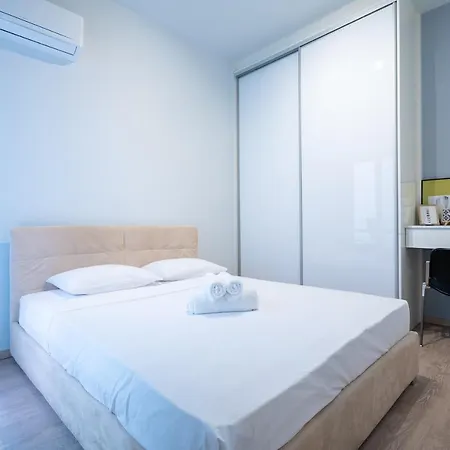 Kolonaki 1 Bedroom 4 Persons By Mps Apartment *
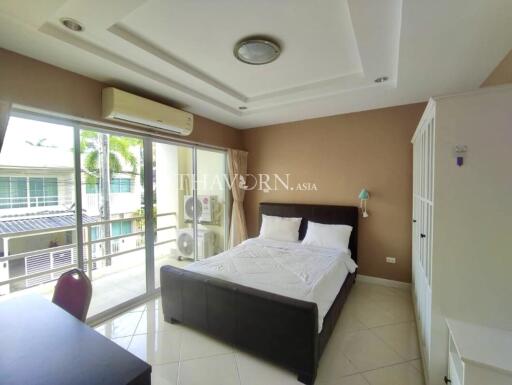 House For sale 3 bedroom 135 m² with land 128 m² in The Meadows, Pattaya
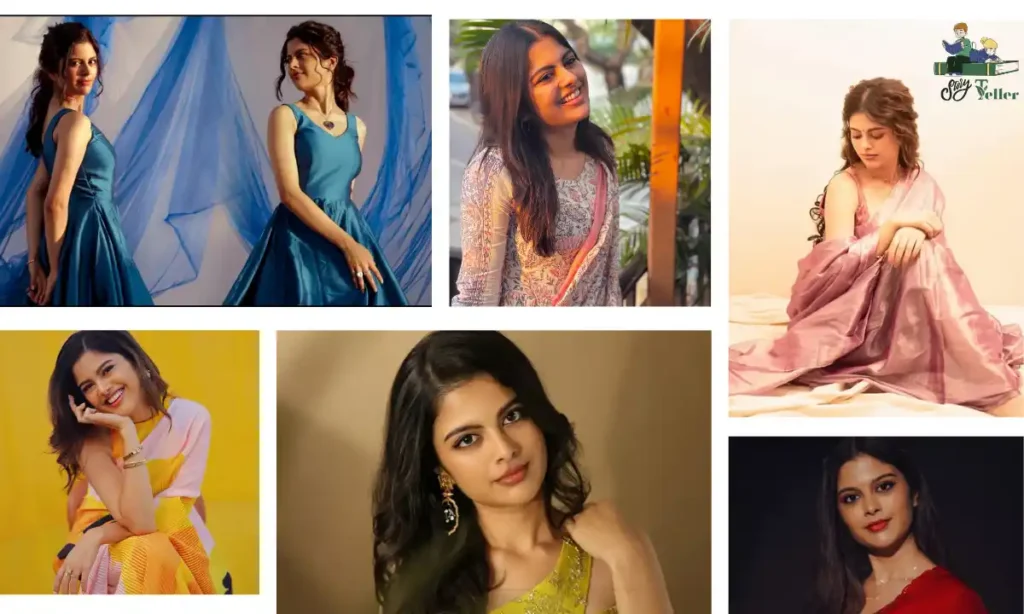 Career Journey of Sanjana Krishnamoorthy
...
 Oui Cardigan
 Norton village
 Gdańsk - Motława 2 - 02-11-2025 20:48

* GOAL OF THE EXERCISE: Only one part of the material above is wanted: the lines from the one with "Kolonaki 1 Bedroom" up to and including the one with "Career Journey of Sanjana Krishnamoorthy". Please copy them exactly, pictures left out.

* RESULT:
 Kolonaki 1 Bedroom 4 Persons By Mps Apartment *
 House For sale 3 bedroom 135 m² with land 128 m² in The Meadows, Pattaya
 Career Journey of Sanjana Krishnamoorthy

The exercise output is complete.